Only a quarter of business leaders believe the state of the country’s infrastructure will improve by 2020, according to a report by the CBI and Aecom.
Concerns over the future of UK infrastructure emerged in the organisations’ annual infrastructure survey, which found that only 27 per cent of firms foresee an improvement in the state of the UK’s infrastructure by 2020.
This was down from 43 per cent in last year’s survey.
Almost two-thirds of businesses believe the UK is unlikely to be more internationally competitive in 2050 than it is now.
Meanwhile, a fifth of respondents said they thought UK infrastructure would deteriorate between 2015 and 2020.
The report attributed the results to uncertainty following the EU referendum and the formation of a new government.
Two in five infrastructure providers said they were dissatisfied with the current business environment for delivering infrastructure projects, with only a quarter satisfied with access to funding or financing.
This was despite 44 per cent of firms reporting that the UK’s infrastructure had improved over the past five years, and 42 per cent saying they were encouraged by the policies put in place in this parliament.

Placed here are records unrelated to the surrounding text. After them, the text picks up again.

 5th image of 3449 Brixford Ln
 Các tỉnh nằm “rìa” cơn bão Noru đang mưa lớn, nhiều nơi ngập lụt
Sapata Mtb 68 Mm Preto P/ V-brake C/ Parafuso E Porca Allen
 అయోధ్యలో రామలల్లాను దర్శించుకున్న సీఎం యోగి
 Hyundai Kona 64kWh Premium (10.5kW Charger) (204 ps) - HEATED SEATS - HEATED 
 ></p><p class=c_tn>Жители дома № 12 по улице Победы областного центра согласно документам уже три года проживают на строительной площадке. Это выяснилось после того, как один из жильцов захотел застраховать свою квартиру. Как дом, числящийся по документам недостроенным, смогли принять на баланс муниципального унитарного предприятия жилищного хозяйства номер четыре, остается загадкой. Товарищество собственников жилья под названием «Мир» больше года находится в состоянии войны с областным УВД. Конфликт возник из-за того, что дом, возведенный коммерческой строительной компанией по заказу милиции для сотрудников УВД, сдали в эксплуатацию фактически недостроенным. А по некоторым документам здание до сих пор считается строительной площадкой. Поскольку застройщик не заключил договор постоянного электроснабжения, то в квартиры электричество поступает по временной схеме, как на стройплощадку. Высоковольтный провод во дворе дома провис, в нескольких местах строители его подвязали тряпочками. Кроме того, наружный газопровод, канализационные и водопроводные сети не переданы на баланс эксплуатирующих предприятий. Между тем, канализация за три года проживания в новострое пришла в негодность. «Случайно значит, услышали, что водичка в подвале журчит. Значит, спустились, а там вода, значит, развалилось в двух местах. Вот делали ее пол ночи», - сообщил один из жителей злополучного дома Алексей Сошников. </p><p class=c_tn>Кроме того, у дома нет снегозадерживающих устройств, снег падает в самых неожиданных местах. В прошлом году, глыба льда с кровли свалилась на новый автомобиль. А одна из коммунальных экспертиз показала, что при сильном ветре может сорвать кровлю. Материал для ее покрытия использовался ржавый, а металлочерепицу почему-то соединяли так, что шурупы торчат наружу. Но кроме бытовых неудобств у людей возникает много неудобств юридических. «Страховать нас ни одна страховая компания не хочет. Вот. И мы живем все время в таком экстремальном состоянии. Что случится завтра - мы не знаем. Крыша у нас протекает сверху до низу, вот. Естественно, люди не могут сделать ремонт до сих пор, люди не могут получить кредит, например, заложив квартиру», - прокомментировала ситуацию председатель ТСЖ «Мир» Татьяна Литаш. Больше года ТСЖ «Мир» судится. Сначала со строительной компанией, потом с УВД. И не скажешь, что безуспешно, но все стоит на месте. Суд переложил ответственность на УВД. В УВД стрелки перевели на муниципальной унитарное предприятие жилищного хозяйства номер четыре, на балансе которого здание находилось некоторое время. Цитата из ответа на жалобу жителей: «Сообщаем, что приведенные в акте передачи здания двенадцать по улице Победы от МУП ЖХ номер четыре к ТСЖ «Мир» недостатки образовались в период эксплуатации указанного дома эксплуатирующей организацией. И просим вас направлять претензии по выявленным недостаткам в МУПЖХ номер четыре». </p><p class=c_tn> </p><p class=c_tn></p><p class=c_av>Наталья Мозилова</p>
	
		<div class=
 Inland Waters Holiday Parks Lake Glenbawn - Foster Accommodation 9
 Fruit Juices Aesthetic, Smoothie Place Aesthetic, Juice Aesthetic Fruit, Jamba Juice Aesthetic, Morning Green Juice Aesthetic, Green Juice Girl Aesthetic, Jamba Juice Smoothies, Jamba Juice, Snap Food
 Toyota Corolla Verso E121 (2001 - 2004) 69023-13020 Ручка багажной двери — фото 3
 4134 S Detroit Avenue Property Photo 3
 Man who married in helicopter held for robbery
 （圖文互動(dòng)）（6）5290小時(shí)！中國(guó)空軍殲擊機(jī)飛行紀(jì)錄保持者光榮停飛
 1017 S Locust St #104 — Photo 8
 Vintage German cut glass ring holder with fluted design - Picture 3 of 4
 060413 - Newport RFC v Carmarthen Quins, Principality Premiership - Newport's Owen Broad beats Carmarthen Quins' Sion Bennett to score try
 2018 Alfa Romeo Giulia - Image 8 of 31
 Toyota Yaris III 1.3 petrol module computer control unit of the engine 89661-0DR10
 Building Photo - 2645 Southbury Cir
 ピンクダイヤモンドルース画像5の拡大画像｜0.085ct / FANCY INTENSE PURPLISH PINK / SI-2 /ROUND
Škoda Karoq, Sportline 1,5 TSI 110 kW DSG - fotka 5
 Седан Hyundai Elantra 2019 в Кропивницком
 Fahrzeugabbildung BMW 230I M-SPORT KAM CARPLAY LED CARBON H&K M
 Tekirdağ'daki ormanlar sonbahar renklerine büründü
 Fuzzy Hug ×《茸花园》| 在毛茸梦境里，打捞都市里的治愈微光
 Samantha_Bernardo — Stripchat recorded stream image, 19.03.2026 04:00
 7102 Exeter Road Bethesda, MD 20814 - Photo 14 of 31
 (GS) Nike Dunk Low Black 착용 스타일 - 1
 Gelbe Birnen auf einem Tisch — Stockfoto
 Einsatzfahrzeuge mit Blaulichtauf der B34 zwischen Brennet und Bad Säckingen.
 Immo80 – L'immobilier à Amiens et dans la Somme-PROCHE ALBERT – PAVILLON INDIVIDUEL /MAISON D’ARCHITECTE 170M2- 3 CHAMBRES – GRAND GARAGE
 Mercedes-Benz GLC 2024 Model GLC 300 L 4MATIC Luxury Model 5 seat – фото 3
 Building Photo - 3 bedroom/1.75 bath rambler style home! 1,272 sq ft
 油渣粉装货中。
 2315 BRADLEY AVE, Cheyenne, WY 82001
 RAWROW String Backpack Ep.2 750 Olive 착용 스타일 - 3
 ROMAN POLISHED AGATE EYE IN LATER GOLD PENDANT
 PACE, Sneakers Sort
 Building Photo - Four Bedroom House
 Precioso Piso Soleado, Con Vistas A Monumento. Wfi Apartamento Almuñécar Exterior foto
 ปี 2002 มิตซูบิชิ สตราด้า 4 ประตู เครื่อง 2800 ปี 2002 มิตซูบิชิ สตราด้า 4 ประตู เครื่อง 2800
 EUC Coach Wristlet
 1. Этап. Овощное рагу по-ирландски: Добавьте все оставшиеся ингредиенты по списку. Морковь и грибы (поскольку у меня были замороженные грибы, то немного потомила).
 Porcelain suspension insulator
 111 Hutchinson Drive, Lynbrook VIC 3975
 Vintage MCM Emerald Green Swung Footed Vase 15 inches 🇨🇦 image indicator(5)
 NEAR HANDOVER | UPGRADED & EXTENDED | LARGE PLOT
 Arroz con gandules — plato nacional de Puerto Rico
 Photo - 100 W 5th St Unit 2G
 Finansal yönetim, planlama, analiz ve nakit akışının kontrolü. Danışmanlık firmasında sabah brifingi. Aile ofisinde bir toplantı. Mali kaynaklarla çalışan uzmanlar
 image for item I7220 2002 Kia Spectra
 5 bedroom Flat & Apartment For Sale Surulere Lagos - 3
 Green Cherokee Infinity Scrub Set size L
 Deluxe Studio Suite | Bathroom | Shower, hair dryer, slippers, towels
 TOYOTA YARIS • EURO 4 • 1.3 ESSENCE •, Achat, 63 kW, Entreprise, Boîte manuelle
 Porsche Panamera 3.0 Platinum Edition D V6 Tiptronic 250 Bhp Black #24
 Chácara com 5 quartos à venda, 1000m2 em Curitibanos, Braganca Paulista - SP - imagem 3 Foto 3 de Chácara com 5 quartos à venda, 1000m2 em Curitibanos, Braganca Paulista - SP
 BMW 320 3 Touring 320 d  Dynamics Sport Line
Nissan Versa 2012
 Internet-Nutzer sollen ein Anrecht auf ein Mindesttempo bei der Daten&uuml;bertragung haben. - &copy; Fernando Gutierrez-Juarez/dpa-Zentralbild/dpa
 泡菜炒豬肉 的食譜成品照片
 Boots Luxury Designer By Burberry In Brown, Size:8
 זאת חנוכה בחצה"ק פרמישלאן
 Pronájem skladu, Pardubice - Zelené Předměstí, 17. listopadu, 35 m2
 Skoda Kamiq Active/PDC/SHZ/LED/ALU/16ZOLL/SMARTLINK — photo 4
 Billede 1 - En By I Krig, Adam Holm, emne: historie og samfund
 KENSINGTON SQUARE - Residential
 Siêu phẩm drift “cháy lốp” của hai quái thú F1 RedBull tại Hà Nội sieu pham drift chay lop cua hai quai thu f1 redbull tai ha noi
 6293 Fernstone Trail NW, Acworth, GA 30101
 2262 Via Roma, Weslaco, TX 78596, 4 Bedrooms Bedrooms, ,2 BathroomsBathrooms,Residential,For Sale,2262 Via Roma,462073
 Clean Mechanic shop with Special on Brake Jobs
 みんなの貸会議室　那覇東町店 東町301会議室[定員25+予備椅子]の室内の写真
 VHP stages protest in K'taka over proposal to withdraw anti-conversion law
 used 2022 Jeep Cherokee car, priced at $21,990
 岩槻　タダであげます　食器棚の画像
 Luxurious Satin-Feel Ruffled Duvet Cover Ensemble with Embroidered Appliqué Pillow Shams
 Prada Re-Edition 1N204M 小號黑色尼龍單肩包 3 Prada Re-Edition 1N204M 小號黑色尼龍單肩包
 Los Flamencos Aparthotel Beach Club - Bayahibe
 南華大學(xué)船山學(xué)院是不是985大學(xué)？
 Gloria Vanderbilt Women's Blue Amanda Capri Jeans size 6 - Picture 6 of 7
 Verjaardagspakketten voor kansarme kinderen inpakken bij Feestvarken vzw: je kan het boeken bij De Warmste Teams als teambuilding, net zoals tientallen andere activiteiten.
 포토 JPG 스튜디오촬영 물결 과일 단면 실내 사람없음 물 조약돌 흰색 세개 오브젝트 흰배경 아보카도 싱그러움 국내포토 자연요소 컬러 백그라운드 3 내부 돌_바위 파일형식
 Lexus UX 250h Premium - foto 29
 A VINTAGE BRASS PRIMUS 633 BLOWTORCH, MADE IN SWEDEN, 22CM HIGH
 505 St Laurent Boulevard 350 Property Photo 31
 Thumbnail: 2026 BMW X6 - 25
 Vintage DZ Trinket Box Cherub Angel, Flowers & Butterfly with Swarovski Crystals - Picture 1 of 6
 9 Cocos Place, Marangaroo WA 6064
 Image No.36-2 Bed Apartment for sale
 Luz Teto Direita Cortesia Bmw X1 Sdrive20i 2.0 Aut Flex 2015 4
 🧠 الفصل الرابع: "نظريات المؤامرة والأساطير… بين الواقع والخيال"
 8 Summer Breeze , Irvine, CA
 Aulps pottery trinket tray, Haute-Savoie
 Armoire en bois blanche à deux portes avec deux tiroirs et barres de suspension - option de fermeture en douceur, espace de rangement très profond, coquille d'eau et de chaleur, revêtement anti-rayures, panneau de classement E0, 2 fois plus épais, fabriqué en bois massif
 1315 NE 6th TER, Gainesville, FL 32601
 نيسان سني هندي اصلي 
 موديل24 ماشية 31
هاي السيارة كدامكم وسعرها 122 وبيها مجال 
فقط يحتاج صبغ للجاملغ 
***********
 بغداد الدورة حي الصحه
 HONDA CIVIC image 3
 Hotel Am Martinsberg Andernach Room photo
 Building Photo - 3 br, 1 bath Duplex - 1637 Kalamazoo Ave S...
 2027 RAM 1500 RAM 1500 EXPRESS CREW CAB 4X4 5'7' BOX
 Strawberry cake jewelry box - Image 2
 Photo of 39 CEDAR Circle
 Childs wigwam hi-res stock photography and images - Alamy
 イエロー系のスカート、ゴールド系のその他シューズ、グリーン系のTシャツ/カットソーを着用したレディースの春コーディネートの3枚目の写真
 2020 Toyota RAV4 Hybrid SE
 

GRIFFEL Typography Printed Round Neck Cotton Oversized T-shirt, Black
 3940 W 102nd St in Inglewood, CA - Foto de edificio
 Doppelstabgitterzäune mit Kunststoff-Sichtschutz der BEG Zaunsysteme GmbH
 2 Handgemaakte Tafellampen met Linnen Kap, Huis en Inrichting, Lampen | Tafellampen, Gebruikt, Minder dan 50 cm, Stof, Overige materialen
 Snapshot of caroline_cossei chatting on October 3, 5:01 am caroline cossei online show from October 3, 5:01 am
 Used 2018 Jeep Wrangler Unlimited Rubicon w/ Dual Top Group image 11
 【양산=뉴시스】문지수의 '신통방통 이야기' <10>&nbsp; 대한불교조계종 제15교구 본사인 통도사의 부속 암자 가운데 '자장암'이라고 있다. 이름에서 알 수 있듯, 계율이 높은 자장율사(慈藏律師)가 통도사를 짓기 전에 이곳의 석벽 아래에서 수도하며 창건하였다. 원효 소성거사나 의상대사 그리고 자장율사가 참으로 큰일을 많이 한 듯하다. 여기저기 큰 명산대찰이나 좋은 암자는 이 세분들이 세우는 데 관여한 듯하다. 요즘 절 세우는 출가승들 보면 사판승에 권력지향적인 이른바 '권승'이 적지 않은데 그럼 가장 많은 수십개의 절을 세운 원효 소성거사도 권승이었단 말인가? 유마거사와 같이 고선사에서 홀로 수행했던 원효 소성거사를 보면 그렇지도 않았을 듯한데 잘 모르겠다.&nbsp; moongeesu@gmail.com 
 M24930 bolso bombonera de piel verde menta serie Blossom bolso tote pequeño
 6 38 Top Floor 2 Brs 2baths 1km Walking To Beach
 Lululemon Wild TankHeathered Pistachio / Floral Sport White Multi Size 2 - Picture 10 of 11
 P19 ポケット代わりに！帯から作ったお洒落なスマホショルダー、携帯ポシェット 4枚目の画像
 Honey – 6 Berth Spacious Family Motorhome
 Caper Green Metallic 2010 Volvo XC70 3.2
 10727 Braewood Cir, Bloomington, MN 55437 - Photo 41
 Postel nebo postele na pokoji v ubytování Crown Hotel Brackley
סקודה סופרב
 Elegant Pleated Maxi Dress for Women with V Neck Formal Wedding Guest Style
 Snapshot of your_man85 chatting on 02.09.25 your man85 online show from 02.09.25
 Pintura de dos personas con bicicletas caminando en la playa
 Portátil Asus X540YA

More than 97 per cent of respondents said the delivery of Highways England’s Roads Investment Strategy and Network Rail’s Control Period 5 enhancements were top priorities for UK plc.
However, 74 per cent of these respondents were ’not confident’ Network Rail could deliver the rest of CP5, while 71 per cent were ‘not confident’ that Highways England had the capacity to complete RIS.
On the quality of infrastructure by region, only 40 per cent of London businesses were satisfied with their regional networks, compared with 28 per cent in Yorkshire & Humber, 8 per cent in Wales and 5 per cent in the West Midlands.
In total, 728 infrastructure investors, providers or users responded to the survey, which was carried out between 27 May and 22 July.
The EU referendum fell in the middle of the survey’s data collection period and before decisions on Hinkley Point C and Heathrow had been made.
CBI director-general Carolyn Fairbairn said: “Our message is a simple one: at the end of the day, delivery is what matters.
“Announcements and commitments are one thing – seeing tarmac, tracks and super-fast internet cables being laid is another.
“If we don’t get spades in the ground on existing plans, it’s clear we could put a major dent in the competitiveness of British business – and the UK itself.”
Aecom chief executive for civil infrastructure (EMIA) Richard Robinson said: “At a time of uncertainty, clarity around infrastructure investment and delivery will boost business confidence.
“The UK has a long history of successful major infrastructure projects, leading the world in creating innovative new delivery models. Schemes such as Crossrail and Tideway are beacons of best practice around the globe.
“Fortunately the UK has moved on from the era of under-investment in infrastructure. Since the start of this decade we have seen a revitalised commitment to infrastructure investment and its transformative power. The focus now must be on delivery.”
64 per cent of respondents feel that the UK is unlikely to be more internationally competitive in 2050 than it is now.
99 per cent see delivery of rail projects in Control Period 5 and 97 per cent see delivery of the Road Investment Strategy as important priorities for UK plc.
40 per cent of infrastructure providers are dissatisfied with the current business environment for delivery.
86 per cent of infrastructure providers are concerned that skills shortages will affect the UK’s ability to deliver the current infrastructure pipeline.
59 per cent of respondents are open to greater use of private financing models for the road and rail networks, moving away from the exclusively government-funded model currently used.
46 per cent of businesses are dissatisfied with the current state of infrastructure in the region in which they personally operate and 47 per cent think devolution will improve infrastructure in their region.